Use tom barr's DIY Internal Venturi Reactor. Do a search in the forum and you should find it.

Regards,
Peter Gwee

----------


## hebi

> Hi, 
> 
> 1) No. As air escapes from the diffuser, water will enter the diffuser, you don't have to, and it is very difficult to fill it up beforehand. 
> 
> 2) Can't comment on this as I have never tried it before. 
> 
> My 2 cents is, you will probably be better off exploring other methods of diffusing your diy co2, can consider diy'ing a co2 diffusion bell?


i have tried that before. but the diffusion rate is slowwwwww. what do you guys think about using a limewood diffuser( requires less pressure but also produce small bubbles) with a bell method? because my tank is only 1ft so will like to keep things neat.

----------


## Shadow

Problem with diffuser is algae can grow on the surface and block it.
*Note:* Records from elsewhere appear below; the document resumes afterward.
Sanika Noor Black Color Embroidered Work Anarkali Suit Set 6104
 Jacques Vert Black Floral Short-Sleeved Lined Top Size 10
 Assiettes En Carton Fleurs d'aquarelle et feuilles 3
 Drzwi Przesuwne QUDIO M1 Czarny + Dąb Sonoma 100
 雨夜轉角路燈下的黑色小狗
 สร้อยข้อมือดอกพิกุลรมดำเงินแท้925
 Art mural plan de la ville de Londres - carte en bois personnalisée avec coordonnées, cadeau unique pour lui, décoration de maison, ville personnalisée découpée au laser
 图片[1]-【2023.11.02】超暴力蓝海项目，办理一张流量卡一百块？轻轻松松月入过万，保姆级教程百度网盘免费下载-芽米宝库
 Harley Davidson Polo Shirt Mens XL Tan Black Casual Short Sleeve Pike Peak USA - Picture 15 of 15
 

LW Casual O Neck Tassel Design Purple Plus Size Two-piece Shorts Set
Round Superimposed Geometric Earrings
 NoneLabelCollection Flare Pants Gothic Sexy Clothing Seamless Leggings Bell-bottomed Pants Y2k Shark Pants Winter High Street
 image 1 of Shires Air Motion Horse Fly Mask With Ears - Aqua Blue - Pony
Pressure will keep increasing and your bottle burst.

----------


## hebi

Good news!! :Grin:  i change my glass diffuser for a limewood diffuser and within 1min, tiny bubbles are coming out. its really small , almost like those from using ada diffuser. hope my spiky moss and moss ball can grow better after this. thanks all for your advices.

----------


## bossteck

Great to know that. Since you're using DIY co2, which I presume logically will be feeding your tank with co2 24/7, having too effective a diffusion method may not be a good thing after all. 

Cheers!

----------


## Aeon

Some diffusors need pressure to operate. Your DIY bottle probably wasn't pressurized enough to push the gas through the tiny pores of the ceramic plate.

----------


## hebi

seems like good things dont last long. :Sad: i woke up today and discover that no bubbles are coming out from the limewood :Exasperated:  i test if its working by softly squeezing the bottle and bubbles came out. reason could be the slimy stuff that is formed wif DIY CO2 that clog up the limewood or lack of pressure. shall wait and see.

----------


## tawauboy

what's the quantities of yeast and sugar did you use?
did you check if there are any leakages?

----------


## peter2883

I think you are better of with a CO2 reactor... You can try to find the external ones so that it does not clog up your tank...

----------


## Shadow

For DIY, in my opinion, fliper still the best. Even with externa reactor, depending on your pump flow rate, you have water pressure from your pump that agains your CO2 pressure.

----------


## hebi

i use 2 cups of sugar( cup around 10cm height and radius 2cm), 1/2 teaspoon yeast and 1 teaspoon baking soda in a 1L coke bottle. the yeast is still working, i can still it producing lots of bubbles. i have checked there is no leak. but i notice that bubbles are having a harder time just coming out from the tube if i place the opening of the tube facing the bottom. pressure i guess? think i will reuse the bell method till i get myself a pressurized CO2 tank at the end of the year after my A's  :Jump for joy:

----------


## juggler

> seems like good things dont last long.i woke up today and discover that no bubbles are coming out from the limewood i test if its working by softly squeezing the bottle and bubbles came out. reason could be the slimy stuff that is formed wif DIY CO2 that clog up the limewood or lack of pressure. shall wait and see.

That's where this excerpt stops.